Сам Суриков в прощальном письме Климину, вспоминая расстрел в лесу пяти раздетых белогвардейцев, признается, что почувствовал начало перелома в тот момент, когда переступил «предел ненависти». Опасный, с позиции карательного ведомства, момент в карьере сотрудника. Ведь если хороший коммунист (вспомним Ленина!) есть в то же время и хороший чекист, значит, герой Либединского не более чем просто «хороший парень», к тому же рефлектирующий интеллигент. Жалеет врагов. Видит их обычными людьми. «У тех, которые были в прозрачной тени деревьев, тела казались зеленовато-желтыми, какими они кажутся сквозь прозрачную, озерную воду. У других лунный свет делал тело бело-голубым… Ах, как все это безмолвно и непонятно, как в страшном, неповторяющемся сне, в каком-то морозном кошмаре».
Суриков пишет своему начальнику, что пытался «великую жалость» к людям перевоплотить в «великую ненависть», ибо «только через смерть врагов революции возможен путь к коммунизму». Окончательно запутавшийся в противоречивых чувствах чекист неожиданно «расколдовывается» на последнем расстреле. «А тут точно кровь этих нагих белогвардейцев мне в душу брызнула! Все вспоминаются мне они, раздевающиеся при свете луны, их дрожащие нагие тела, грохот выстрелов и стоны… Эти ужасные стоны, раздающиеся из каменоломни! Стоны теряющего себя, умирающего тела! Вы, может, назовете это мягкотелостью, но знайте, когда они раздевались, я вдруг ясно, ясно представил себе, что это я раздеваюсь, что мое тело хватает мороз, что мои мускулы и кости нижут пули и что я стону ужасным надрывающим стоном.

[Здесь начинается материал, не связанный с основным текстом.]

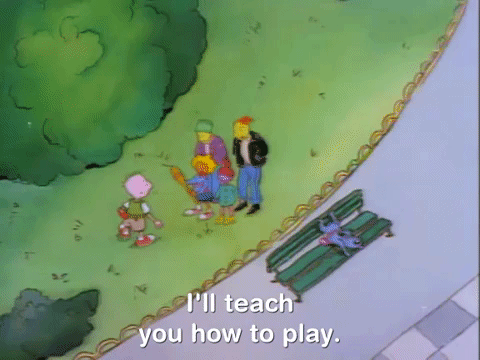 nicksplat doug GIF
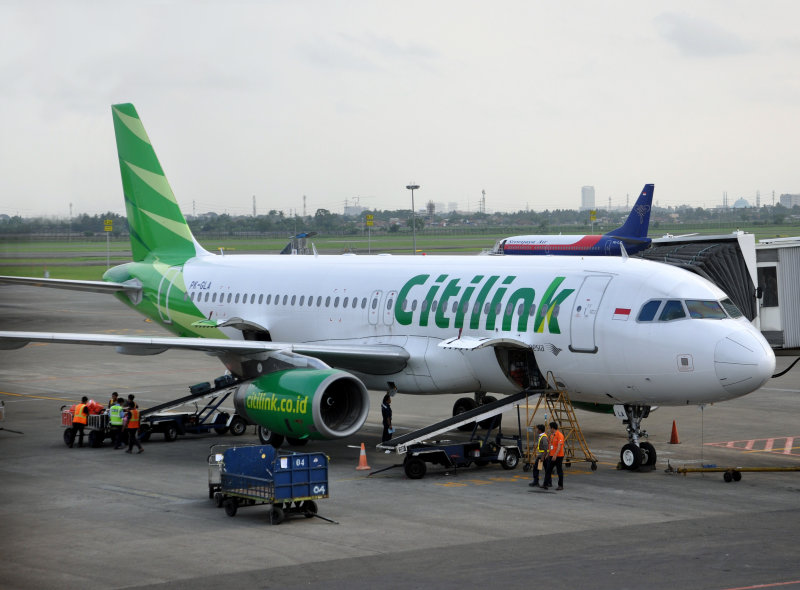 At CGK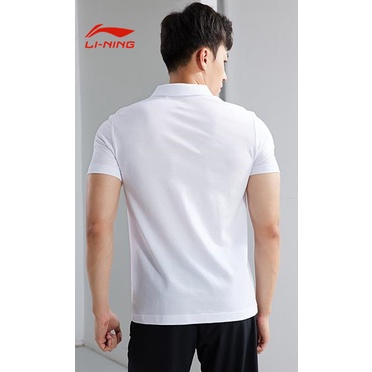 Áo polo nam Lining APLR005 - Dòng cao cấp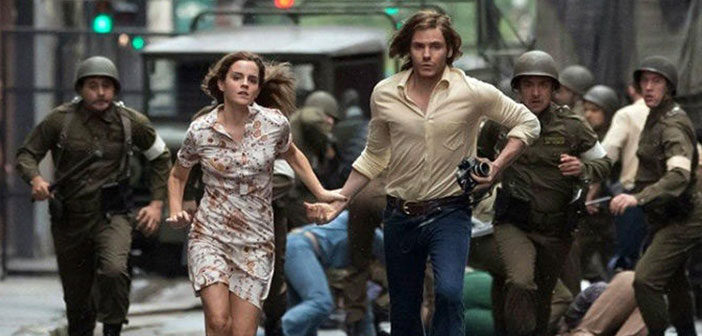 Πρώτο Trailer Απο Το “Colonia” Πρώτο Trailer Απο Το "Colonia"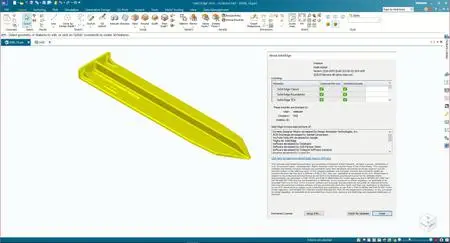 Siemens Solid Edge 2023 MP0002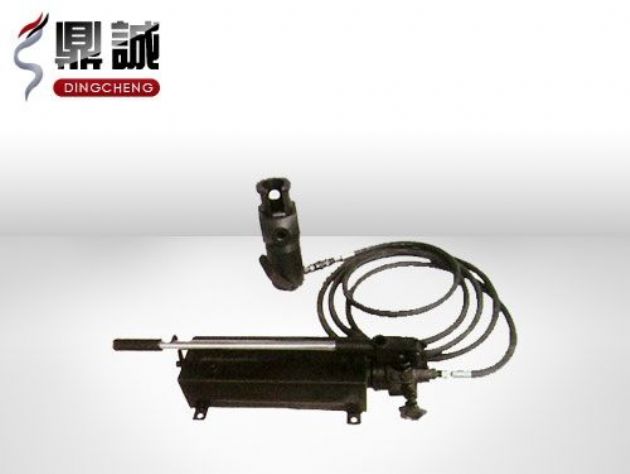 點(diǎn)擊查看詳細(xì)信息<br>標(biāo)題：礦用液壓錨索剪斷器 閱讀次數(shù)：6373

Я разучился подписывать заключения на расстрел… Допрашиваешь, а сам смотришь в эти живые глаза, на эти руки, следишь за игрой морщин на лице и ни на минуту не забываешь, что перед тобой враги, и все же думаешь: неужели моя рука пошлет этот организм на смерть?»
Порадуемся за героя Либединского, что он стал плохим чекистом. Человек победил палача и тем спас свою душу, чего нельзя сказать об антиподе юноши — предчека Климине. Прочитав адресованное к нему письмо, он говорит: «Многое в его письме мне непонятно, а многое и просто неправильно. Взять его отношение к расстрелам. Хотя буржуазия и изображает Климина людоедом, но ведь каждый расстрел оставляет у меня прямо физически неприятное чувство, вроде того, как в детстве, когда какая-то злая воля заставит давить и мучить мух на стекле. Чувствуешь себя грязным каким-то… И я всегда замечал кровь, страдания и стоны, и, наверное, буду их замечать. А он работал, как заколдованный. И только вдруг как-то увидел ужасы расстрела, содрогнулся и погиб. А вот я, если не заболею, так знаю, что буду расстреливать без конца, пока этого революция требует… Мне жаль этого парня…»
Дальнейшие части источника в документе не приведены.